Biblyon the Great

This zine is dedicated to articles about the fantasy role-playing game Gods & Monsters, and other random musings.

Gods & Monsters Fantasy Role-Playing

Beyond here lie dragons

Why do we need open source games?

Jerry Stratton, February 3, 2007

Under United States law, most things are not copyrightable unless copyright restrictions are applied to them by the United States congress. For gamers, the important rule is that ideas, facts, steps, and procedures cannot be copyrighted. Recipes, for example, cannot be copyrighted, and neither can game rules.
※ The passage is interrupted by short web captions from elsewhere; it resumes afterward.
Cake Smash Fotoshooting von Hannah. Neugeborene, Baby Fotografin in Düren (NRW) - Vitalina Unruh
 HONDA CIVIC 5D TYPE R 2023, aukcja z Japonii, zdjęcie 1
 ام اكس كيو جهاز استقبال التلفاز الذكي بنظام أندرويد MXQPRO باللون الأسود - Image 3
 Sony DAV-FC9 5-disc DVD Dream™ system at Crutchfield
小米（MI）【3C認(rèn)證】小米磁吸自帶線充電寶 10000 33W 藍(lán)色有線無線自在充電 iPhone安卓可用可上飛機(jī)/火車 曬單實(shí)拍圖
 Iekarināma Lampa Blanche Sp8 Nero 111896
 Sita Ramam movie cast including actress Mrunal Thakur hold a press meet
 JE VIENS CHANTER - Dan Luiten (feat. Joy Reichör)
Why do we have copyright? What does it do? What is its purpose? Copyright grants a special monopoly to authors in order to encourage them to make their works available for public use. This effectively blocks competition for the duration of the monopoly. Because copyright blocks competition, copyright restrictions are traditionally interpreted narrowly. Copyrights may not be used to gain an effective monopoly wider than the copyright monopoly was meant to provide. In Sony v. Universal, the Supreme Court wrote that:

Even unauthorized uses of a copyrighted work are not necessarily infringing. An unlicensed use of the copyright is not an infringement unless it conflicts with one of the specific exclusive rights conferred by the copyright statute.

Copyright does not restrict the ideas contained within a copyrighted work. In Baker v. Seldon, the Supreme Court wrote that a copyright on books which describe a system of doing things does not forbid using that system, nor can it forbid the publication of works which use that system.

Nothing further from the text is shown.